DATA PROVIDED:
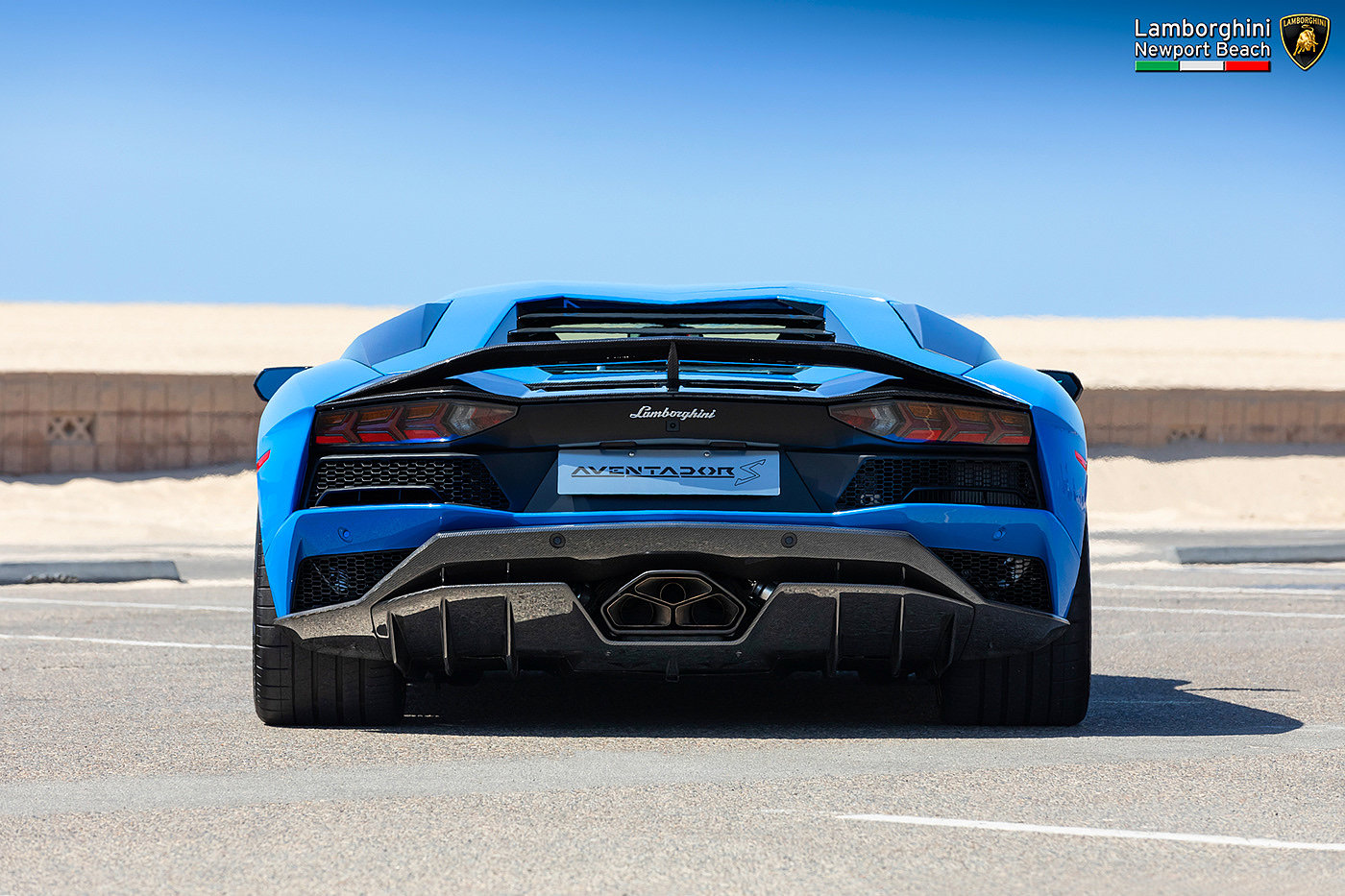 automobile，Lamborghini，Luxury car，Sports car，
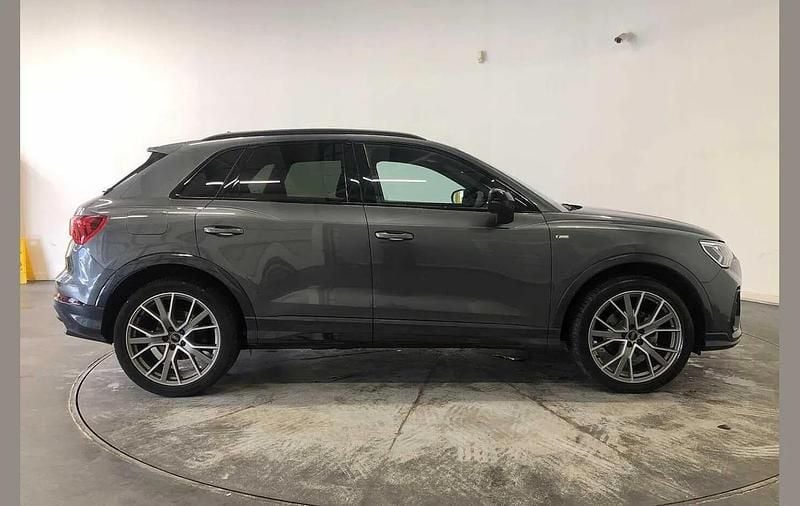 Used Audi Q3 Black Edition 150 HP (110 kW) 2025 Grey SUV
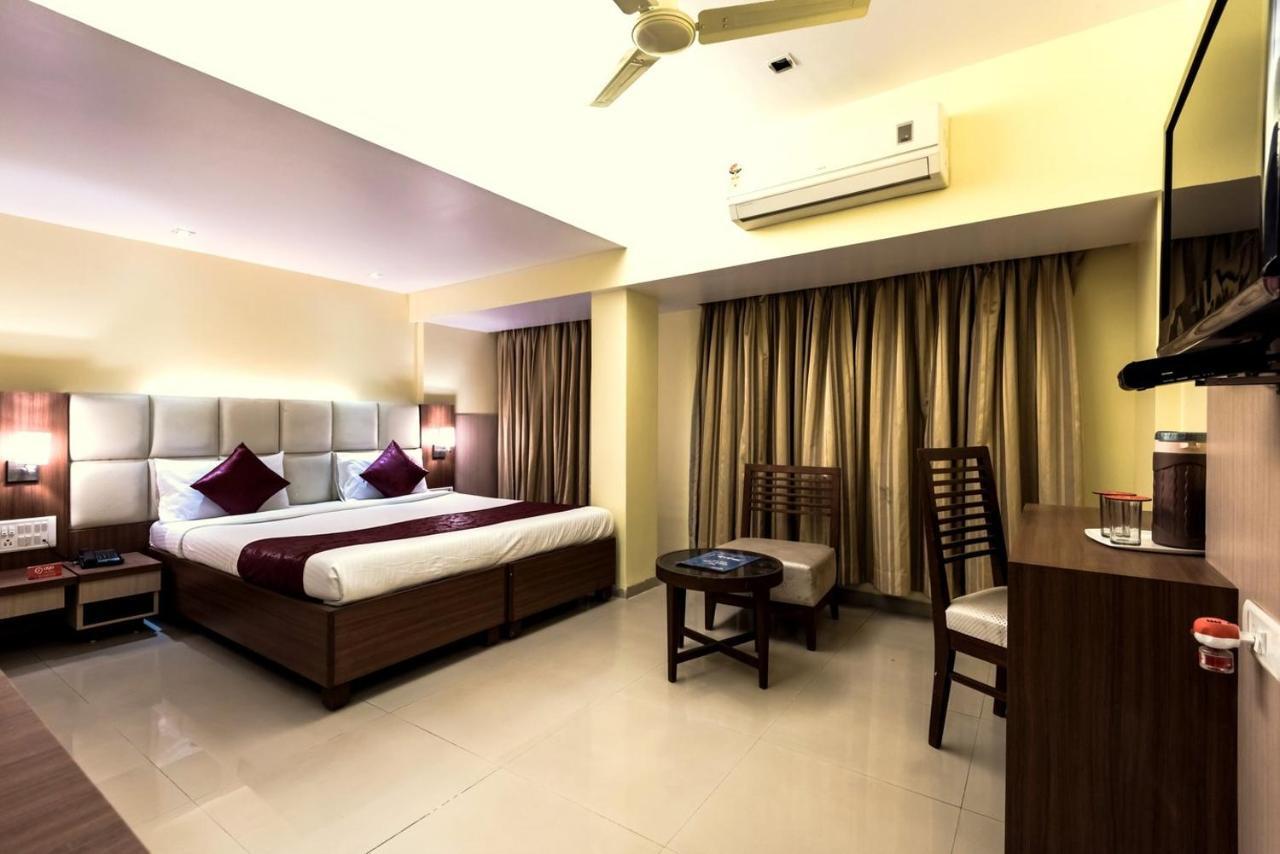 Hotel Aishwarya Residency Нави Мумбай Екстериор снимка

EXERCISE DESCRIPTION:
Give the lines from the one containing "Used Audi Q3" through the final line of the material again, exactly and in full, but without pictures.

SOLUTION FOR THIS TASK:
 Used Audi Q3 Black Edition 150 HP (110 kW) 2025 Grey SUV
 Hotel Aishwarya Residency Нави Мумбай Екстериор снимка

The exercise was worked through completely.